** Opening Excerpted records block **
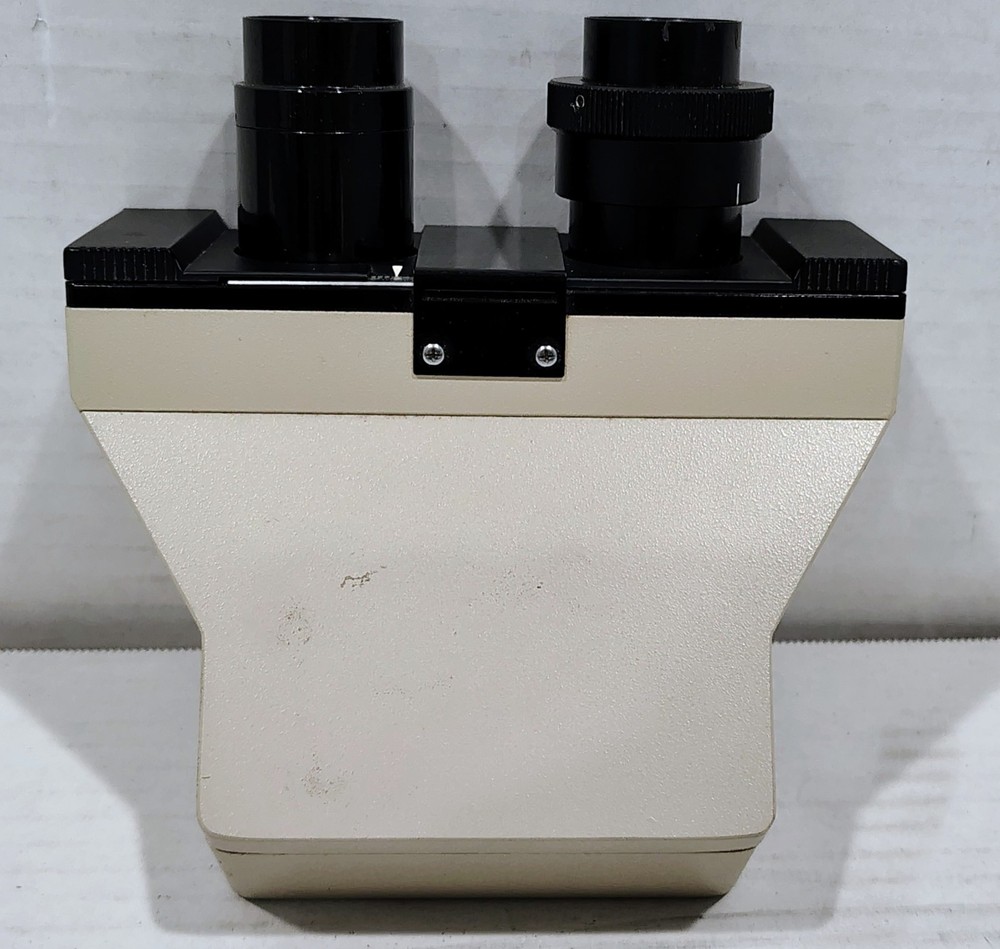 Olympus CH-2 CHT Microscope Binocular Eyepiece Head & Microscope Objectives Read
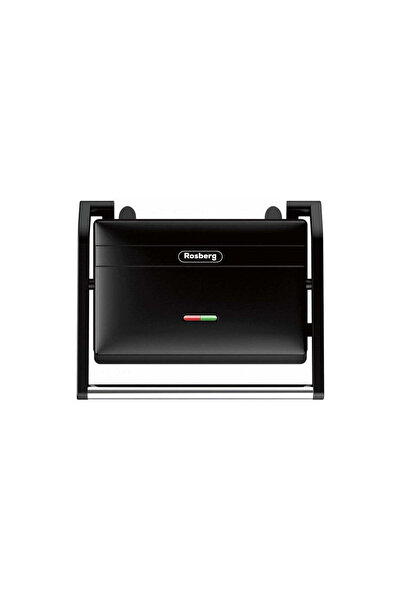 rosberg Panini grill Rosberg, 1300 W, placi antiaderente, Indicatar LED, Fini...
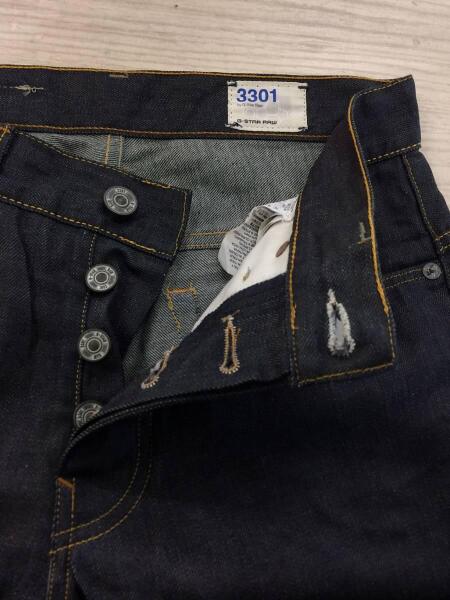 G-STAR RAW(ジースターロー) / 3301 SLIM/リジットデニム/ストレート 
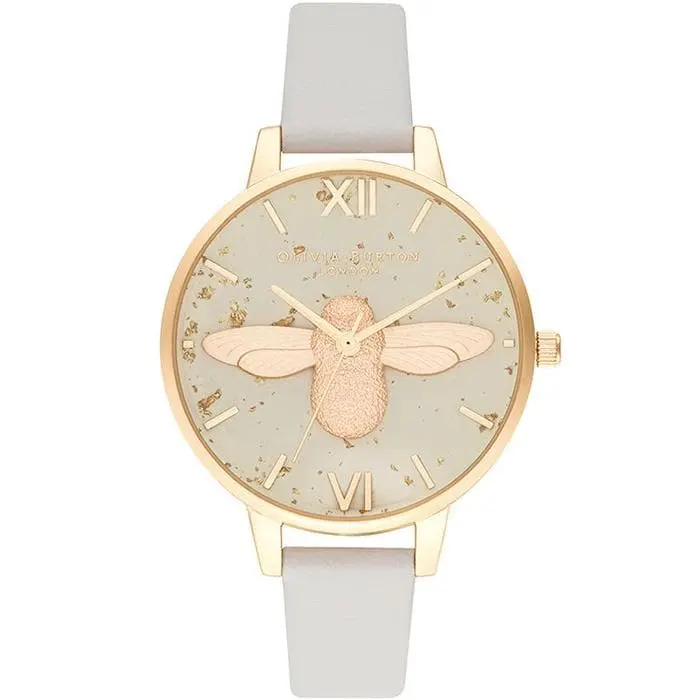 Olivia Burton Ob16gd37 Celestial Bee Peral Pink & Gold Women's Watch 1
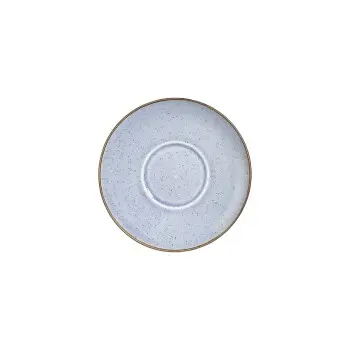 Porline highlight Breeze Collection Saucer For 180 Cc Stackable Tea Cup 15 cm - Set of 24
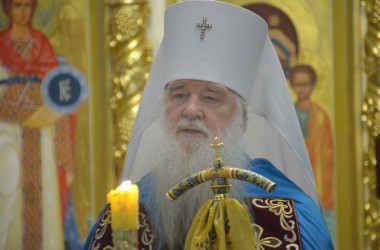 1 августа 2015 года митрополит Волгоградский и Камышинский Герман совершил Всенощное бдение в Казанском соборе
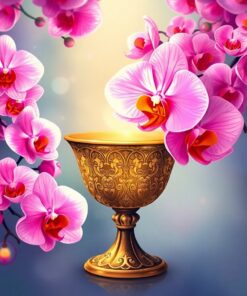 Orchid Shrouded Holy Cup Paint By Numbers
** Closing Excerpted records block **
- _Task goal_:
Please transcribe exactly the lines from the one that contains "Olivia Burton Ob16gd37" through the closing line of the entries, with no pictures.

- _Exercise answer_:
 Olivia Burton Ob16gd37 Celestial Bee Peral Pink & Gold Women's Watch 1
 Porline highlight Breeze Collection Saucer For 180 Cc Stackable Tea Cup 15 cm - Set of 24
 1 августа 2015 года митрополит Волгоградский и Камышинский Герман совершил Всенощное бдение в Казанском соборе
 Orchid Shrouded Holy Cup Paint By Numbers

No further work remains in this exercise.